As for Russia, today the problem of separating deposit and credit operations from investment and other activities is practically not discussed by anyone. We haven’t stepped on this “rake” yet and don’t understand how big a bump we can get. In general, I have the impression that our authorities even encourage the mixing of deposit operations and purely speculative financial transactions “in one bottle,” called a “bank.” This is being done under the banner of creating “universal” banks, financial “supermarkets”, and improving the quality of customer service (receiving all financial services “from one window”). Over the past months, the issue that we need a financial mega-regulator in Russia has been regularly discussed. As is known, the Central Bank was designated as such. It is interesting that the main argument in favor of creating a mega-regulator and appointing the Central Bank as such was the following. The main financial institution in Russia today has become a commercial bank. At the same time, commercial banks are gradually turning into diversified banking holding companies, combining such types of operations as deposit, credit, investment, leasing, insurance and even pensions. It is clear that it is difficult for different organizations to monitor the activities of such a multi-headed financial hydra. Therefore, they say, a single mega-regulator is needed. Surprisingly, almost none of the opponents of the idea of ​​a financial mega-regulator questioned the combination of different types of operations within one organization, which is traditionally called a “bank.”
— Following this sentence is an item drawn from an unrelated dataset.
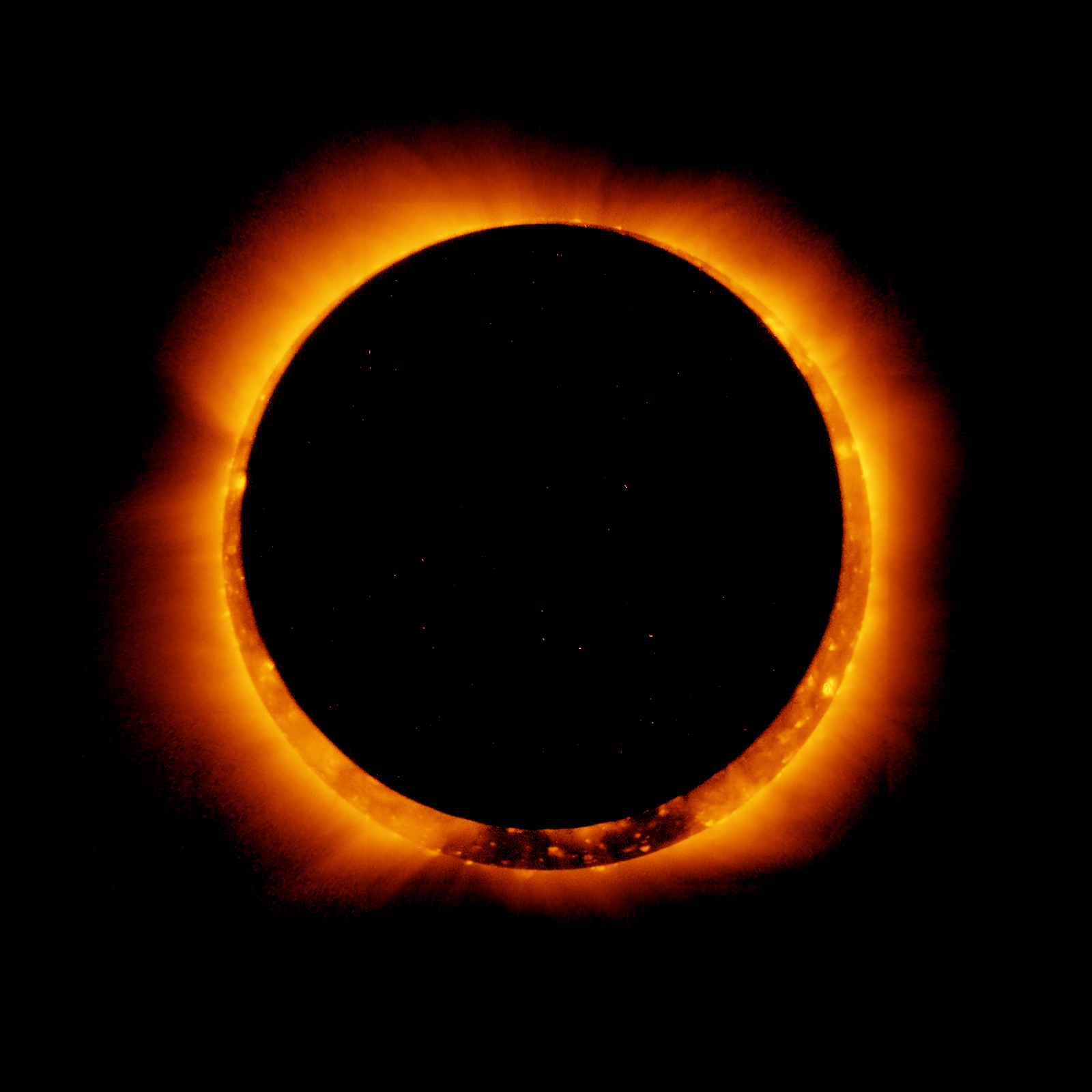 Solar eclipse with the light of the sun forming a border around the edge of the darkened moon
At the level of the G-7, G-8, G-20 summits and other global forums, where issues of increasing financial stability and reforming the global financial system are constantly discussed, the problem of separating the deposit-credit and investment activities of banks is addressed very carefully and in doses. At the same time, experts understand that without solving this cardinal problem, all talk about financial stability in the world turns into empty chatter.


It is no longer surprising that in Europe and the United States the most famous laws are adopted during times of economic upheaval. The Glass-Steagall Act was no exception - in 1933, amid the stock market crash that had begun 4 years earlier, the nationwide failure of commercial banks and the Great Depression, two members of Congress signed on to what is now known as the GSA (Glass-Steagall Act). ). It was this act that separated investment and commercial banking.
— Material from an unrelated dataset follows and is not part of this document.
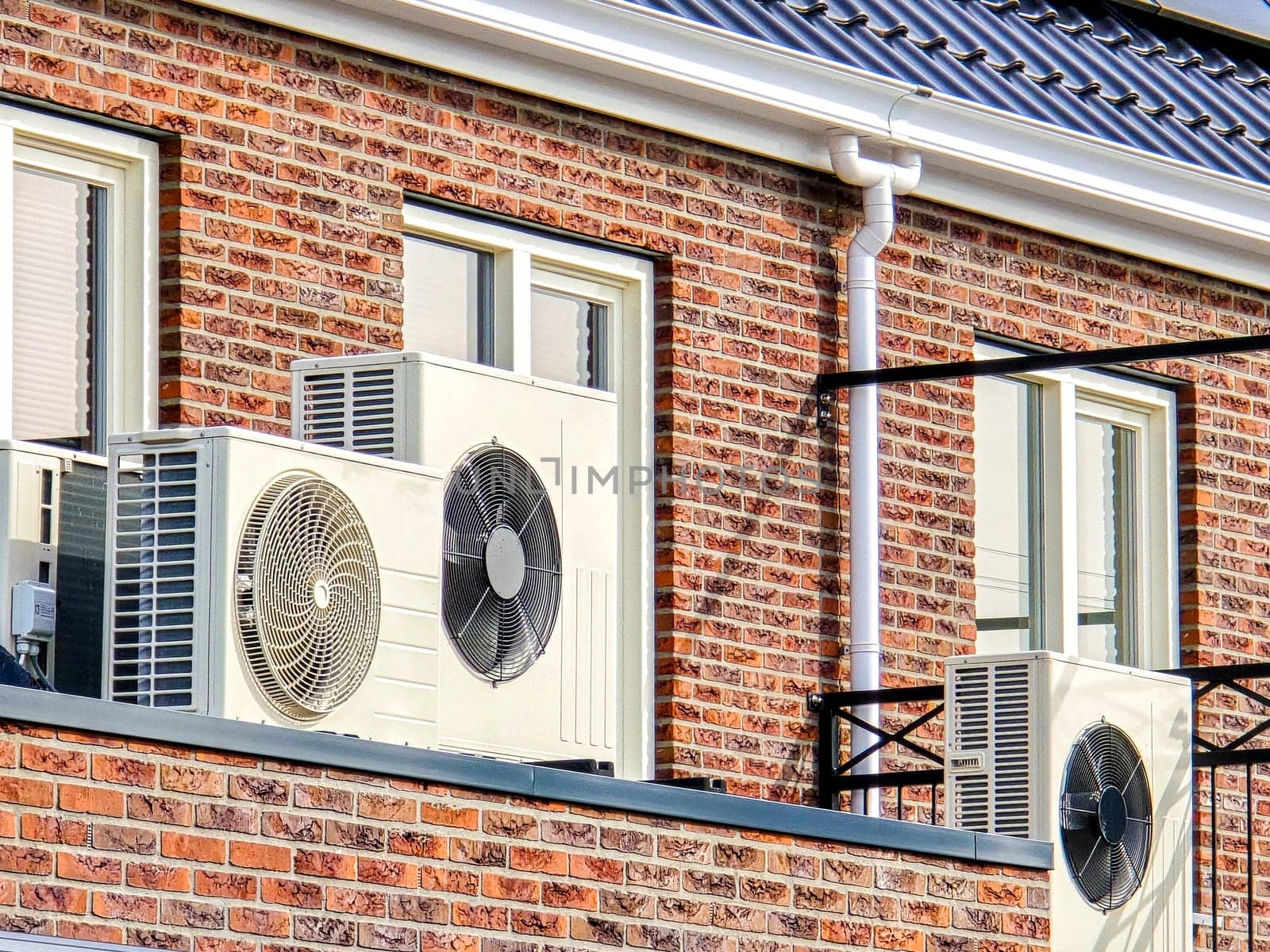 air source heat pump unit installed outdoors at a modern home with solar panels in the Netherlands by fokkebok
At that time, improper banking—what it was perceived to be—the overzealousness of commercial banks in participating in the investment market, was recognized as the main culprit in the financial collapse. According to this logic, commercial banks have taken on too much risk for depositors' money. However, despite the timing, many analysts still express their opinions regarding the creation of the GSA and its abolition in 1999.

Cause

The reason for the creation of such a law was the accusation that commercial banks were excessively speculative. And not only because they invested their assets in their speculation. They also acquired completely new assets for resale. It is not surprising that the greed of banks became too visible, because they took on too many risks in the hope of receiving even greater rewards. As a result, banking became sloppy and their goals became too vague.

Law as a barrier

By that time, the powers of Senator Carter had expired - he was the founder of the American Federal Reserve System. Henry Bascom, a member of the House of Representatives and chairman of the Currency Committee, agreed to support the legislation. However, consent to support the law was received only after a decision on deposit insurance was added after the amendment. As a collective response to one of the worst financial crises of its time, the GSA normatively created a buffer between banks' commercial and investment activities. Moreover, the new law was supposed to curb and control these parties. Banks were given a year to think about and decide what they would specialize in. As a result, it was decided that only 10% of the total income of commercial banks could come from securities - unless, as an exception, commercial banks were allowed to sell bonds issued by the government.